All this came back to me as I was reading the story about Edward Baptist’s new book, The Half Has Never Been Told: Slavery and the Making of American Capitalism. In this case, “the half that’s never been told” is how systematic violence was used to increase the productivity of people who were enslaved and how financiers and planters enriched themselves by trading in bonds that packaged mortgages on individuals who had been bought in the same way mortgages on housing was securitized in the last decade and currently on auto loans. As Baptist wrote,

The idea that the commodification and suffering and forced labor of African-Americans is what made the United States powerful and rich is not an idea that people necessarily are happy to hear. Yet it is the truth.

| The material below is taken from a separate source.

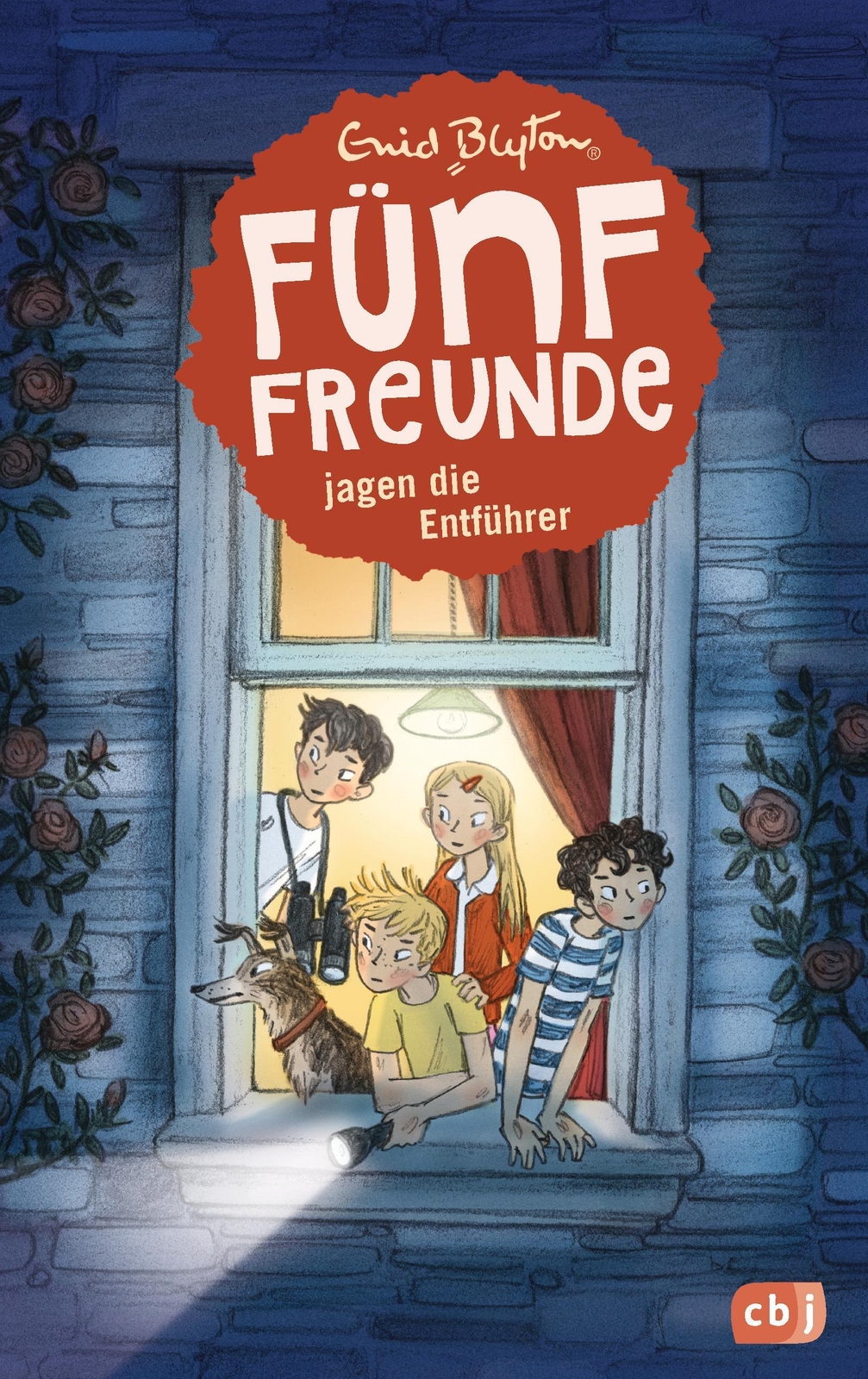 Thumbnail - Fünf Freunde Jagen Die Entführer | Enid Blyton | Deutsch | Buch | Fünf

The title of the English version of Améry’s memoir does not a translate its original German title, Jenseits von Schuld und Sühne, Beyond Guilt and Atonement. As we’ve seen, Améry does not seek revenge or an eye-for-an-eye settlement to atone for the crimes of the German people. The last post ended with what Améry does envision—joining “the overpowered and those who overpowered them … in the desire that time be turned back” and, thereby, make history moral.

If the German people, who have already been “rehabilitated by time,” actually joined in this vision, the weight of this desire to turn time back would in and of itself fulfill the demand. In effect, the “German revolution” against Hitler, that never took place while he was alive and which now no longer seems necessary, would actually be achieved, i.e., “the eradication of the ignominy.”

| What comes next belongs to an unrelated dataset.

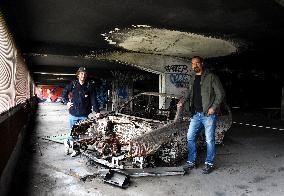 Lek & Sowat, Mausolee Of The Artists - Paris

Améry says that he cannot tell the Germans how to bring this about in practice because he’s not German. The closest he can get to advice is “to imagine vaguely a national community that would reject everything, but absolutely everything, that it accomplished in the days of its own deepest degradation, and what here and there may appear to be as harmless as the Autobahns.” This “negation of the negation” would be “a highly positive, a redeeming act.” But, of course, Améry sees that this daydream will never happen and that the “moral demands of our resentment” will be extinguished by “natural time.” (Recall his metaphor of the wound healing over time to describe “natural time.”) In the end,

Hitler’s Reich … will be purely and simply history, no better and no worse than than dramatic historical epochs just happened to be, bloodstained perhaps, but after all … [it] could have occurred anywhere else under similar circumstances, and no one will insist further on the trifle that it did happen precisely in Germany and not somewhere else. (78-79)

The reason why my chairman’s demand for reparations made me uncomfortable and why books like Baptist’s cause controversy is that they won’t, in Améry’s words, “allow a piece of [our] national history to be neutralized by time.” They do insist “on the trifle” that slavery did happen precisely in the United States and that “an odor of blood and disgrace” clings to our wealth and standard of living.

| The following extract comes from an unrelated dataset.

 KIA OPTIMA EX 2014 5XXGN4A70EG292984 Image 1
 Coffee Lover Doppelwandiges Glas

The usual response to sentences like the last is that the writer is self-hating and hates his own country. Nothing could be further from the truth. Even after being tortured and sent to Auschwitz, nowhere does Améry say that he hates the German people or the nation of Germany. He doesn’t even express hatred for SS-man Wajs. He wants to save himself and them. My chairman who demanded reparations for slavery was one of the most patriotic Americans I have known. He loves his country. That’s why he wants to reverse time and eradicate the ignominy.